DIRECTIONS:
The copy you give must match the lines from the top of the data through the line containing "So what optionals" exactly, and it must hold no pictures.

INFORMATION SUPPLIED:
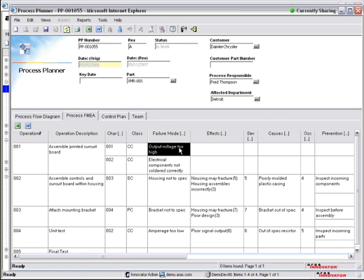So when I uncover reliability issues through reliability testing or issues in the field or customer complaints, I can add them to the library and organize them by product family so that the next product design will have those lessons learned so that I can avoid risks in the future and mitigate potential liability or warranty claims.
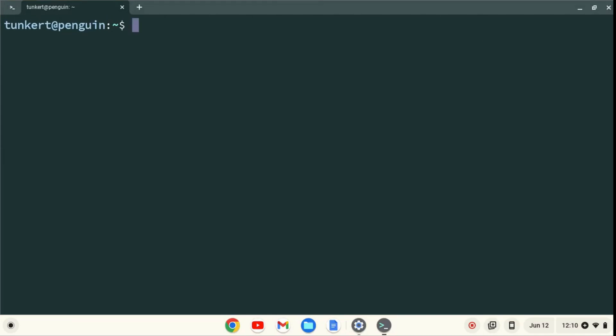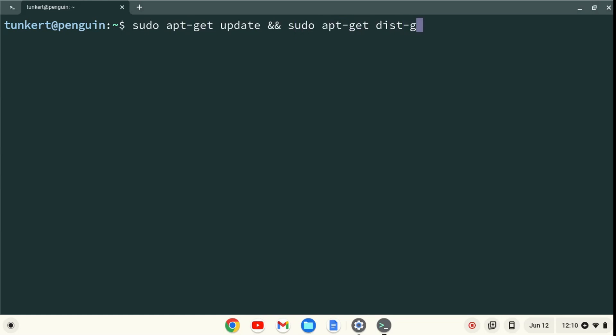I want to make sure everything is up to date, so I'm going to type sudo apt-get update, and then two ampersands, which stands for AND, and then sudo apt-get dist-upgrade, with the dash-y flag at the end. And I'll hit Enter.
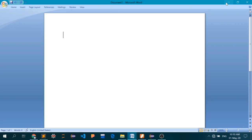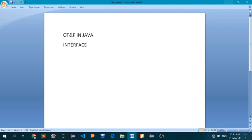Hello, welcome to another lecture series presented by Saint Andrews Institute of Technology and Management. We are discussing the subject called Object Technologies and Programming in Java. In the last lecture we started discussing a very important and popular topic called Interface. We already saw how to implement a particular interface, how to use it, and what is the basic idea behind creating interfaces. Let's begin.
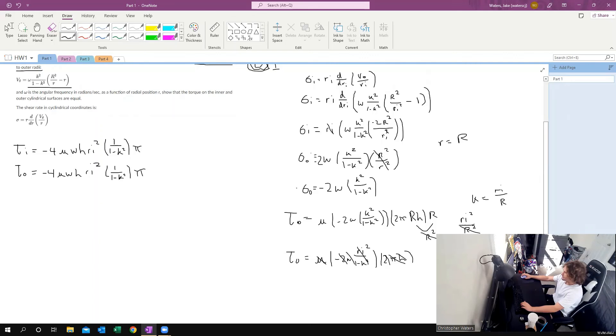So you can see — solving for the shear rate and then using that to solve for the torque of both — we can compare these equations side by side and they are exactly the same. This means that when we're moving this inner cylinder, the outer cylinder is also going to remain stationary. So that's that part of the homework.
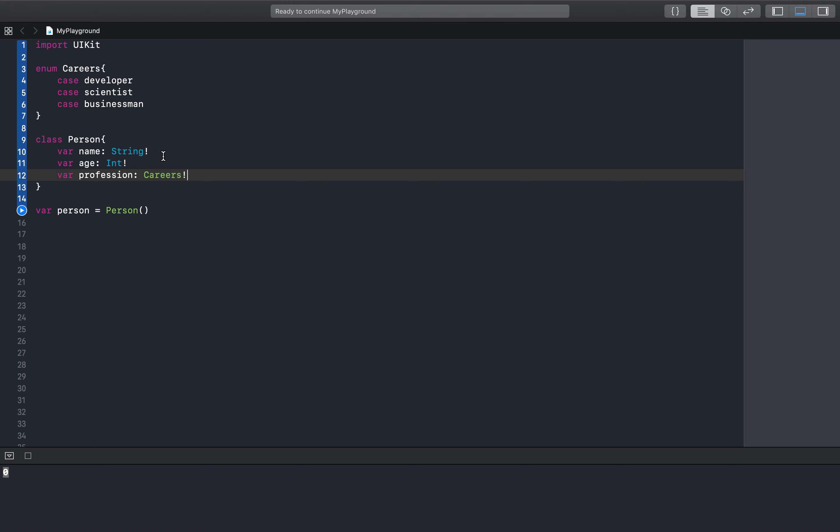So what optionals does is it tries to minimize that as much as possible. So let's take a look. We have our class with a name, age, and profession.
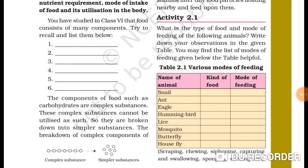Activity 2.1: What is the type of food and mode of feeding of the following animals? Write down your observations in the given table. The modes of feeding listed below the table are: scraping, chewing, siphoning, capturing and swallowing, sponging, and sucking.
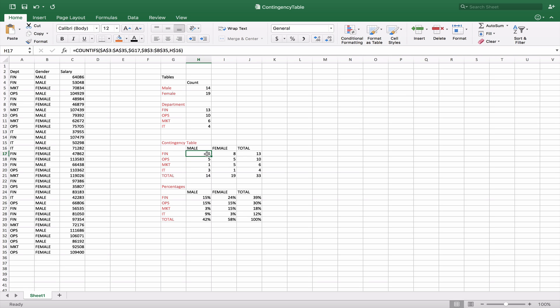Now what we also want at the same time is we want to look at the gender. So our next set of criteria is B3 to B35, again anchored, and this time we want to look at H16. Now the H in this case is going to be standard here and we are going to look at H16 as we copy this down.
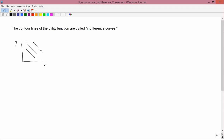One of the main assumptions we used in order to generate indifference curves in the previous lesson was to assume that more x increased utility and more y increased utility. This is referred to as the 'more is better' assumption.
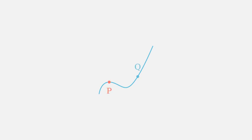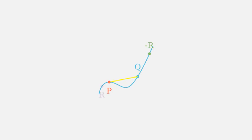Now comes the fun part, point addition. Imagine we have two points on the curve, p and q. We draw a line through them. It will intersect the curve at a third point. We reflect that point across the x-axis to get our final point, r. This is how we add points on an elliptic curve, p plus q equals r.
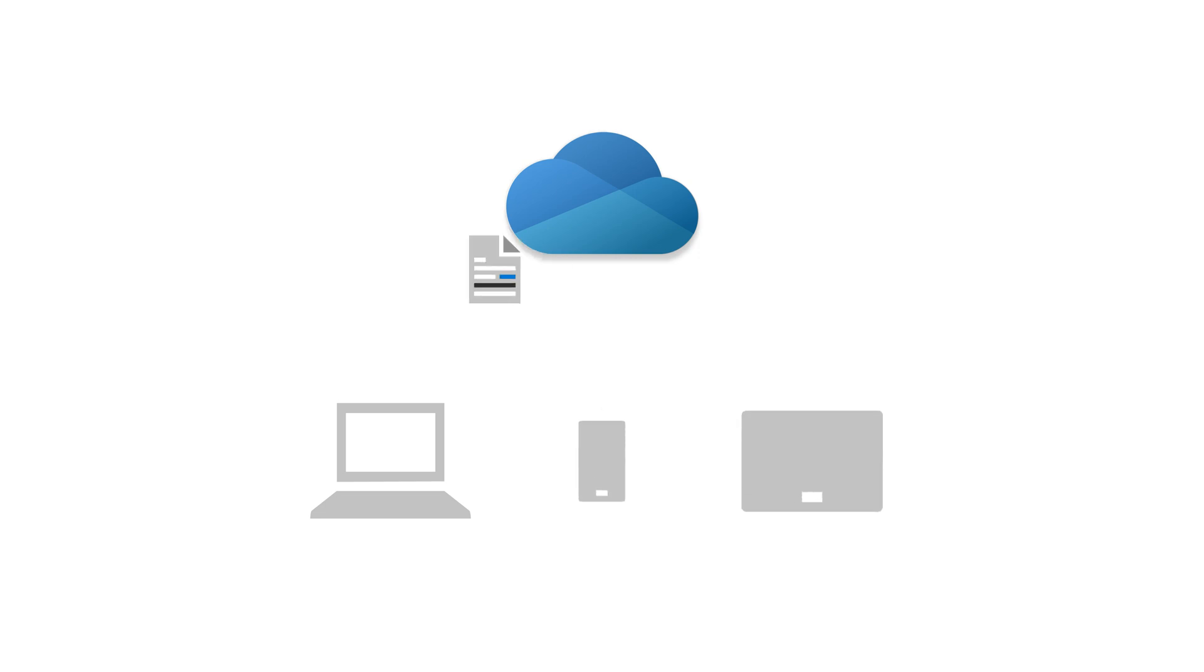And if you make changes, docs will automatically update the next time you connect to OneDrive.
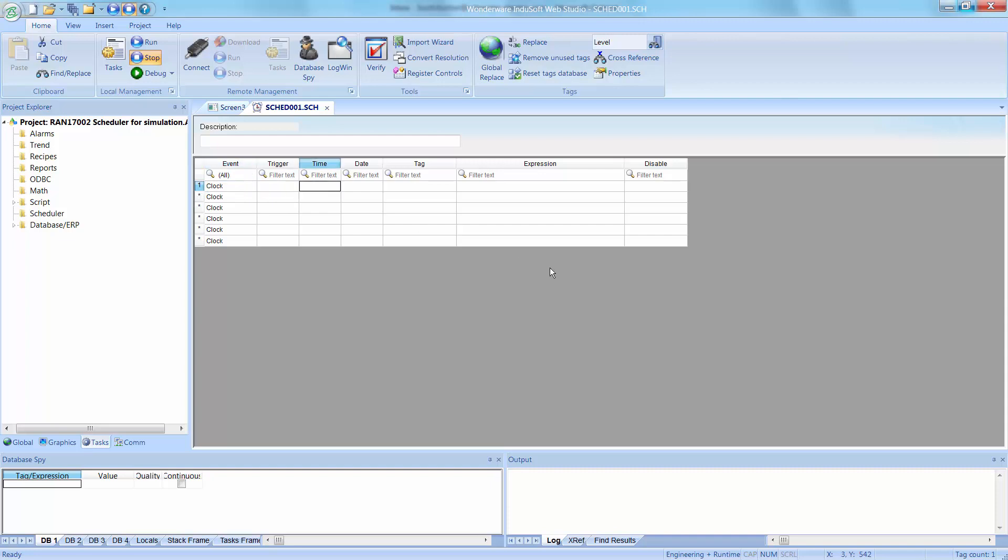Because what that does is it uses this as a period or a frequency, and the format is hours, colon, minutes, colon, seconds, dot, and then the number of tenths of seconds, or in this case, it's 0.1 for 100 milliseconds.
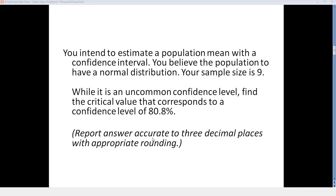You intend to estimate a population mean with a confidence interval. You believe the population to have a normal distribution. Your sample size is 9.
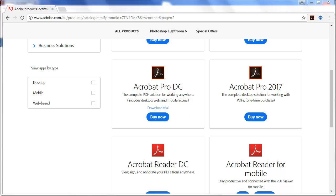You might be using Pro DC, or Pro 2017, or the Mac versions. Either of them is fine. But that's the focus of this course. We'll be looking at what you can do with Acrobat Pro.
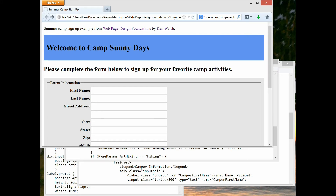Welcome to our section on formatting HTML forms. This example shows you a few of the ways we can clean up and organize your form to make it more presentable. It assumes you know the basic form tags — form and input — and we'll add some new tags that help with the formatting.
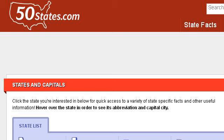Our top-ranked site to learn about information on the Georgia Flower is www.50states.com, specifically the page titled 50states.com States and Capitals. This is the link.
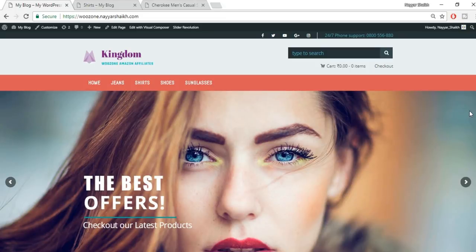Hey, what's up guys, this is Nayasek from blogtoot.com. In this video we'll see how to create an Amazon affiliate website. Most of you must be aware that there are many people who are earning thousands of dollars per month using these kind of websites, so it's obviously a good idea to know how to create this kind of website, how to operate it, and how to import products.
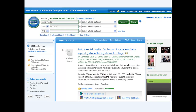Most often, the journal articles you use in your research will have been found using one of the library's article databases, such as Academic Search Complete. It's sometimes easier to read the citation if you display the detailed record for an article by clicking on its title.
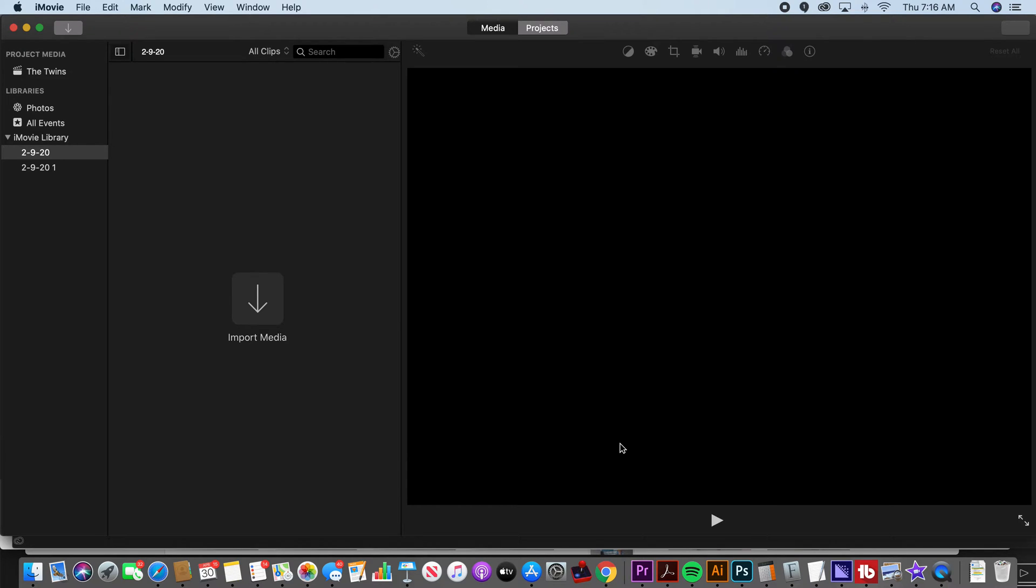Good morning, it's Kurt here with Teach Mom How. Today I'm going to give you an iMovie tutorial on how you should set up your iMovie, how to get started in iMovie correctly.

OUTPUT:
So when I uncover reliability issues through reliability testing or issues in the field or customer complaints, I can add them to the library and organize them by product family so that the next product design will have those lessons learned so that I can avoid risks in the future and mitigate potential liability or warranty claims.
I want to make sure everything is up to date, so I'm going to type sudo apt-get update, and then two ampersands, which stands for AND, and then sudo apt-get dist-upgrade, with the dash-y flag at the end. And I'll hit Enter.
Hello, welcome to another lecture series presented by Saint Andrews Institute of Technology and Management. We are discussing the subject called Object Technologies and Programming in Java. In the last lecture we started discussing a very important and popular topic called Interface. We already saw how to implement a particular interface, how to use it, and what is the basic idea behind creating interfaces. Let's begin.
So you can see — solving for the shear rate and then using that to solve for the torque of both — we can compare these equations side by side and they are exactly the same. This means that when we're moving this inner cylinder, the outer cylinder is also going to remain stationary. So that's that part of the homework.
So what optionals does is it tries to minimize that as much as possible. So let's take a look. We have our class with a name, age, and profession.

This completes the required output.